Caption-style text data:
- - - - - - -

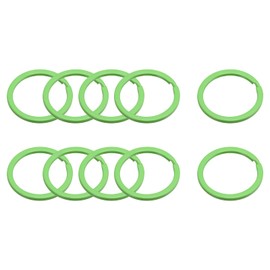 METALLIXITY Split Keychain Rings (30mm/1.2inch) 24 Pcs, Round Flat Key Holder for Keys - for Keys Organization, Decoration, Green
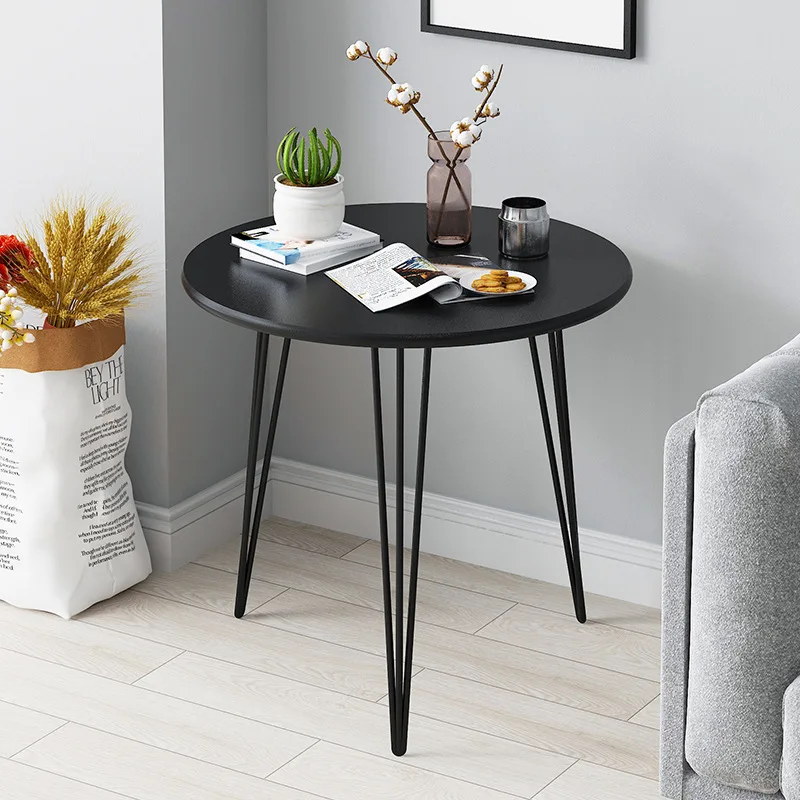 Luxury round side table with a 50 cm tabletop and gold metallic hairpin legs, ideal for living rooms, bedrooms, and balconies.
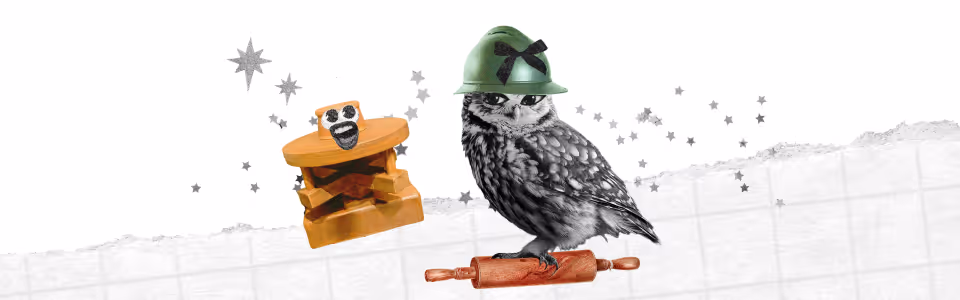 How to work with Pallas Athena - Collage: an owl wearing an army helmet and bow on a rolling pin, stars, and a wood figure.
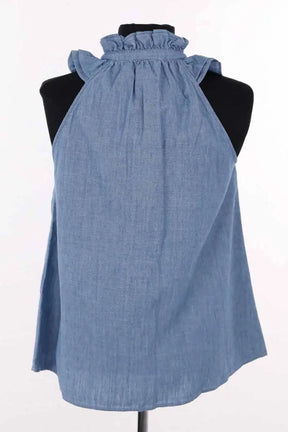 Top sans manche Sézane Bleu en Coton
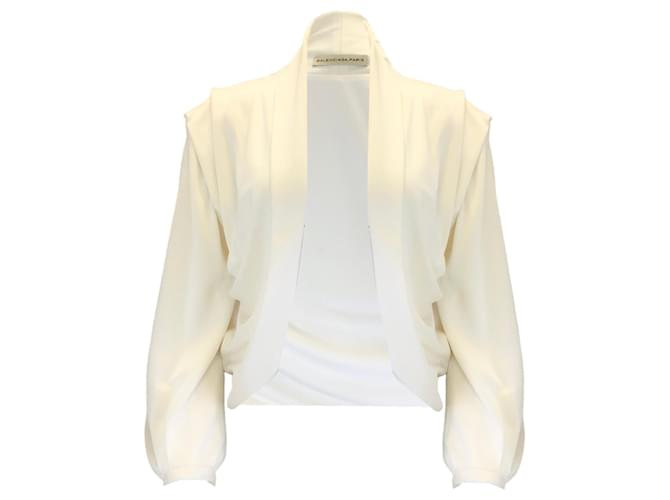 Autre Marque Balenciaga Ivory Draped Open Jersey Jacket Cream Viscose  ref.1249101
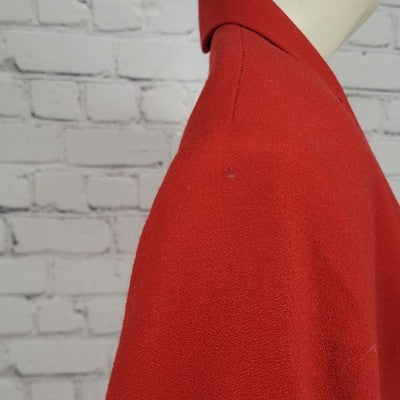 VTG SB Collection Red 100% Wool 3 Button Vented Notch Blazer Jacket USA 10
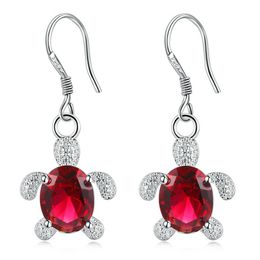 Wholesale-Women Crystal Turtle Silver Drop Earring Women Party Dating Everyday Wear Jewellery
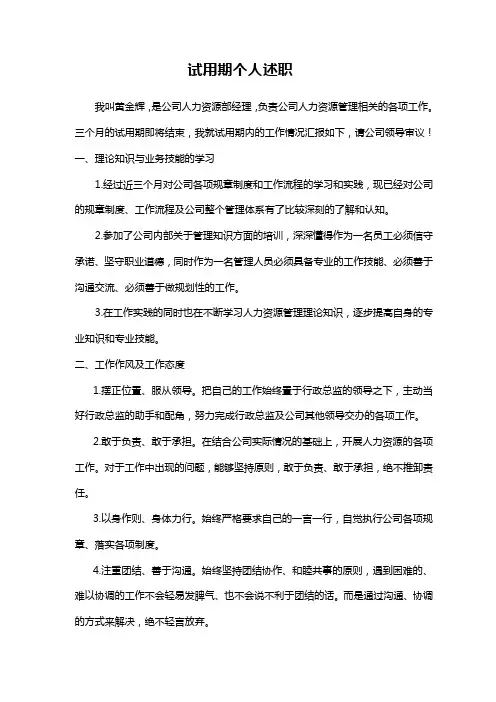 述职报告 2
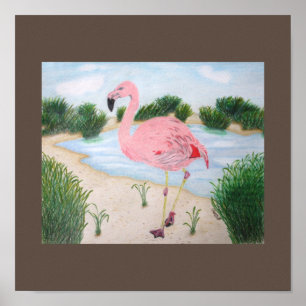 Flamingo in de Marsh Canvas Print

- - - - - - -

> [ACTION ITEM]: Every entry above, pictures excluded, needs to be duplicated exactly.

> [SOLUTION]:
 METALLIXITY Split Keychain Rings (30mm/1.2inch) 24 Pcs, Round Flat Key Holder for Keys - for Keys Organization, Decoration, Green
 Luxury round side table with a 50 cm tabletop and gold metallic hairpin legs, ideal for living rooms, bedrooms, and balconies.
 How to work with Pallas Athena - Collage: an owl wearing an army helmet and bow on a rolling pin, stars, and a wood figure.
 Top sans manche Sézane Bleu en Coton
 Autre Marque Balenciaga Ivory Draped Open Jersey Jacket Cream Viscose  ref.1249101
 VTG SB Collection Red 100% Wool 3 Button Vented Notch Blazer Jacket USA 10
 Wholesale-Women Crystal Turtle Silver Drop Earring Women Party Dating Everyday Wear Jewellery
 述职报告 2
 Flamingo in de Marsh Canvas Print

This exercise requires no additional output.